On Purpose: Portrait of Communication Studies

To commemorate our 150th anniversary in 2018, the College of Liberal Arts commissioned 60 photographs taken by Xavier Tavera. Departments and programs partnered with Tavera to envision their images and to write the narratives that accompany each photograph. View On Purpose: Portrait of the Liberal Arts.

A faculty member speaks in front of a green screen while be filmed, a professional is on a video screen and a graduate student manages the room.

All of our major challenges—achieving equity, justice, public health, ethical use of new technologies, and sustainability—hinge on improving our understanding of communication processes. 

We began as the Department of Rhetoric and Public Speaking from 1907 to 1920. After a short merger with English, Frank Rarig led the charge for an independent speech department in 1927 with three foci: rhetoric and public address, drama, and speech pathology. As theatre and the speech and hearing sciences became their own departments in the 1960s, the Department of Speech Communication was born. In 2002, we became the Department of Communication Studies. Throughout, we have engaged students in understanding how citizens, leaders, and professionals might more effectively gain and apply communicative knowledge in practice, across a variety of changing contexts and media. 

As the discipline that most directly and purposefully studies human communication, our students, faculty, staff, and community partners conduct research that translates into the public good. That is why communication studies was born in Midwestern land-grant institutions like the University of Minnesota, and why it remains an integral and thriving discipline in the College of Liberal Arts. Communication is much more than the simple process of translating information from speaker A to listener B. Communication is a “constitutive process.” Meaning is made, material is moved, and reality itself is created through the communicative act. 

Consider World War II. A “fight on the beaches” is artfully evoked, an audience responds, and a war turns. Billions of people vicariously experience those “beaches,” a reality mediated through radio, film, music, and television. Meanwhile, meaning is translated, negotiated, and remade in trillions of interpersonal exchanges, mediated by organizational frameworks and culture. As communication studies researchers, instructors, and students, we study communication at each of these levels. 

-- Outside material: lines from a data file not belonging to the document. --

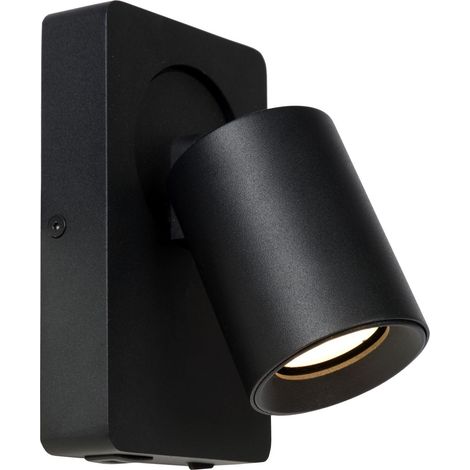 Lucide NIGEL - Bettlampe / Wandleuchte - LED Dim to warm - GU10 - 1x5W 2200K/3000K - Mit USB-Ladepunkt - Schwarz (1/5)
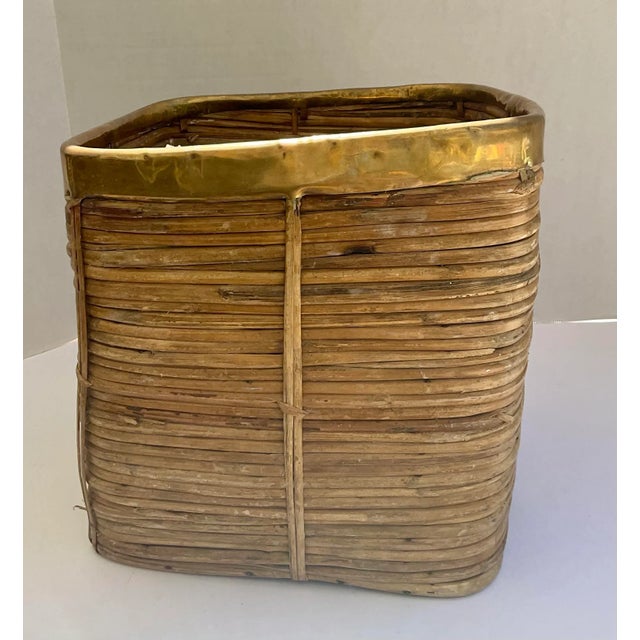 Just in this large Italian Pencil Bamboo & Brass Tall Basket, C.1970. This basket could be used as a planter or a...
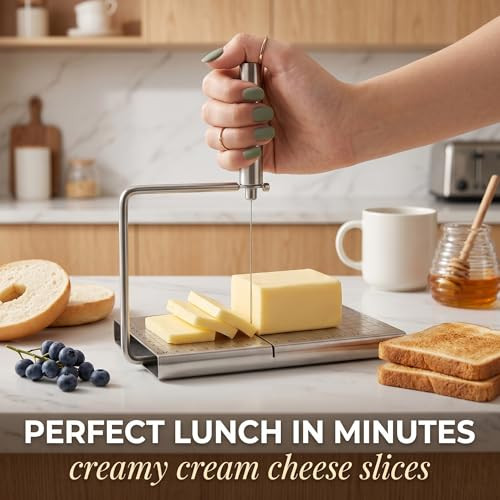 Rwixr Cheese Slicer Board With Wire Stainless Steel Cheese Cutter With Measuring Stainless Steel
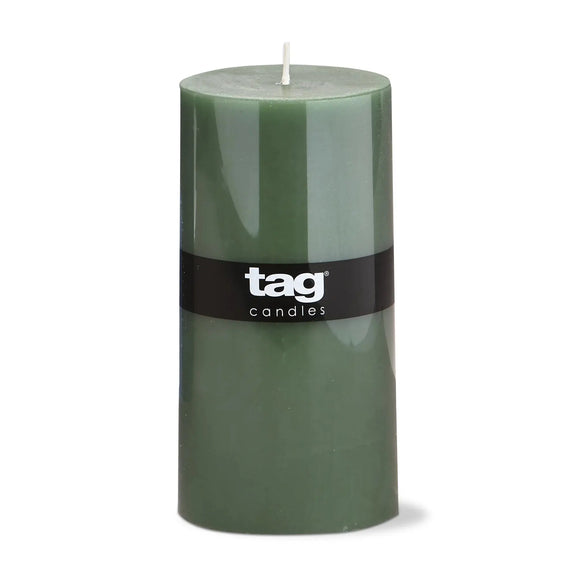 Hunter Green Color Studio Pillar Candle TAG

Knowing how these negotiations work is crucial to modern life. The Huffington Post’s Jason Schmitt, in a piece entitled “Communication Studies Rise to Relevance,” explains why: 

“In many ways communication studies is the right offering at the right time. The discipline is extremely well positioned as the digital economy, social networking and the move toward media creation rises to prominence. Concepts that may have been more abstract for students fifteen years ago such as relationship networks, group communication, and media theory are becoming vitally relevant knowledge that a wide ranging student body want to obtain.” 

In this photograph we capture and connect our areas of study: rhetoric, speech, media studies, media production, interpersonal communication, and organizational communication. Scholars in each of these fields ask similar questions regarding the nature, meaning, and matter of human communication, differentiated by scale, media, and purpose.